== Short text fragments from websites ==
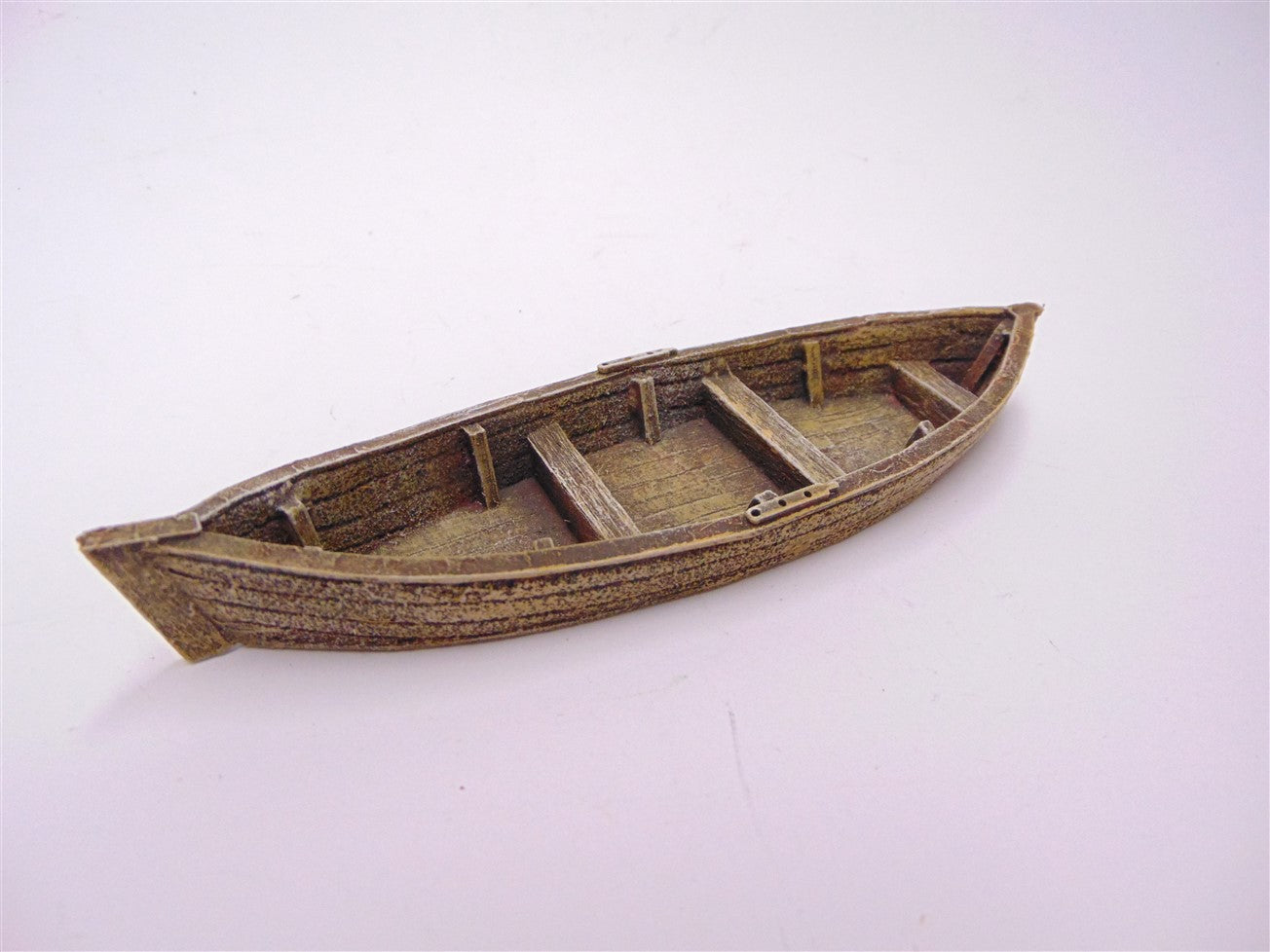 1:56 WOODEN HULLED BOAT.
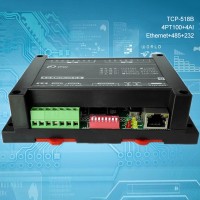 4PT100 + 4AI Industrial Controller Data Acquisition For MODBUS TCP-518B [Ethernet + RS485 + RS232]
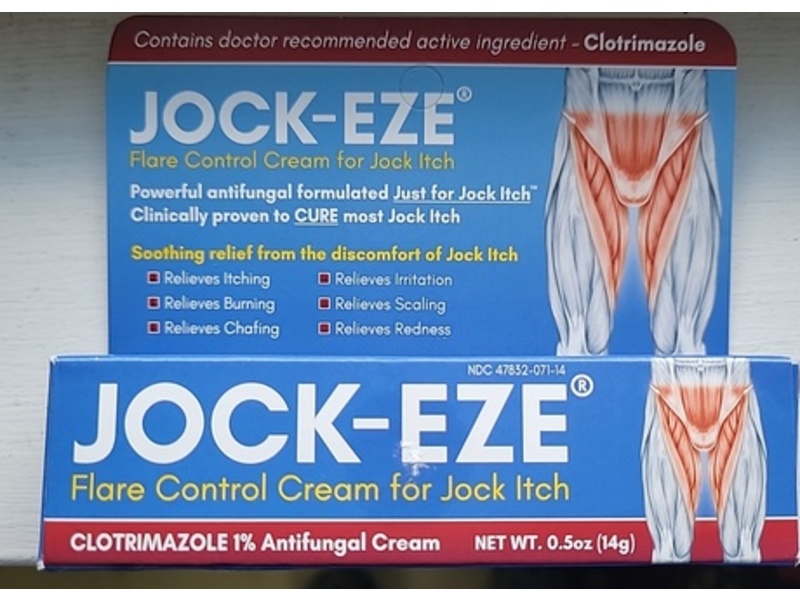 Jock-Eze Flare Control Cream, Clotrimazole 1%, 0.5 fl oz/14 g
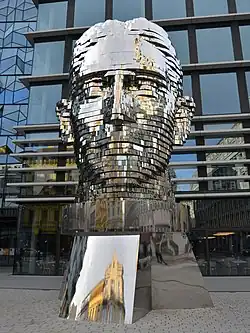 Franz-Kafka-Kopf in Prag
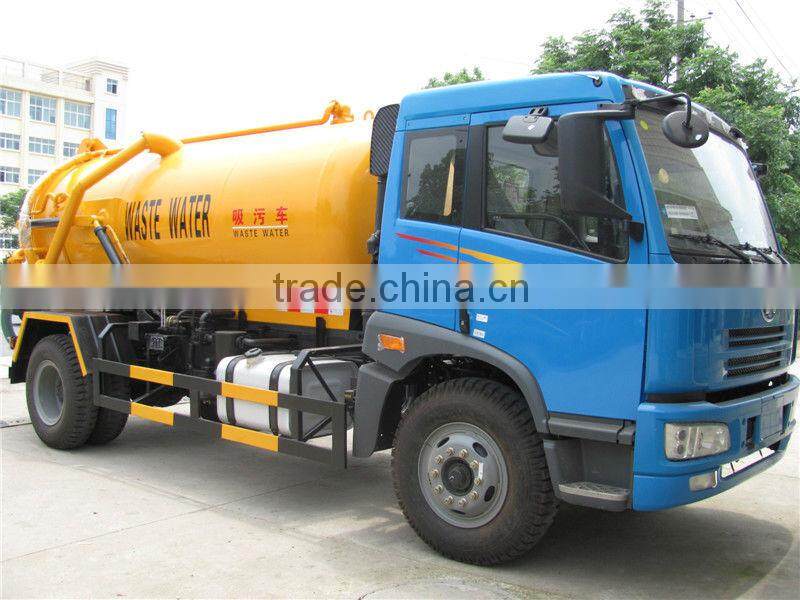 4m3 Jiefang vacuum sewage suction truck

== EXERCISE DETAILS ==
Give back the entries verbatim. Do not include any picture.

== WRITTEN SOLUTION ==
 1:56 WOODEN HULLED BOAT.
 4PT100 + 4AI Industrial Controller Data Acquisition For MODBUS TCP-518B [Ethernet + RS485 + RS232]
 Jock-Eze Flare Control Cream, Clotrimazole 1%, 0.5 fl oz/14 g
 Franz-Kafka-Kopf in Prag
 4m3 Jiefang vacuum sewage suction truck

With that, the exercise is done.